AWS ECS agent does not start in EC2 instance
Summary AWS ECS agent does not start in EC2 instance.
Reopened: https://github.com/aws/amazon-ecs-agent/issues/4130 Check all comments for detailed information.
Hello Thiago
i found a workaround by using the user_data script only, so no need to reboot the instances, which is impossible if you are using an asg like me (it will terminate them).
Big thanks to garysferrao for the idea, i connected to the ec2 and tried to restart cloud-final.service with this command:
sudo systemctl restart cloud-final.service
and it worked well, ECS detected the instances, so the solution for me was to do that in the user_data without creating an infinite loop ... (restarting cloud-final.service will execute user_data script again so the loop starts)
The solution: Create a systemd service in the user_data that starts after cloud-final.target The user_data runs only once → it creates the systemd service and activates it, then, systemd manages the startup of the ECS service, running only once at boot time
the user_data script:
#!/bin/bash
# Configure ECS
echo "ECS_CLUSTER=${ECS_CLUSTER}" > /etc/ecs/ecs.config
# Create the systemd service to start the ECS agent after cloud-final
cat > /etc/systemd/system/ecs-start.service <<EOF
[Unit]
Description=Start ECS Agent after cloud-init
After=cloud-final.target
Requires=cloud-final.target
[Service]
Type=oneshot
ExecStart=/bin/bash -c "systemctl enable ecs && systemctl start ecs"
RemainAfterExit=yes
[Install]
WantedBy=multi-user.target
EOF
# Reload systemd to take the new service into account
systemctl daemon-reload
systemctl enable ecs-start.service
It worked for me so hope it will work for you too 😄
Thanks for sharing your workaround @akayesb . I'll keep the issue open so a proper solution can be implemented.
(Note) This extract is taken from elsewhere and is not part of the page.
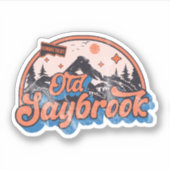 Old Saybrook, Connecticut Sticker (Voorkant)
Hello! Thanks for opening this issue. Just to summarize what's going on, we're seeing that ECS agent can't start up because it's waiting for cloud-init to finish. On ECS side, this is the intended behavior where we want to start up after both the docker and cloud-final services have finished their boot-up.
Just curious, is there anything special that's defined in your EC2 userdata or can the issue be reproducible even with an empty userdata on an ECS Optimized AMI? Also, is there a specific ECS AMI version where this is happening more often?
Feel free to also collect agent logs using our log collector script and forward it over to [email protected] for us to take a look.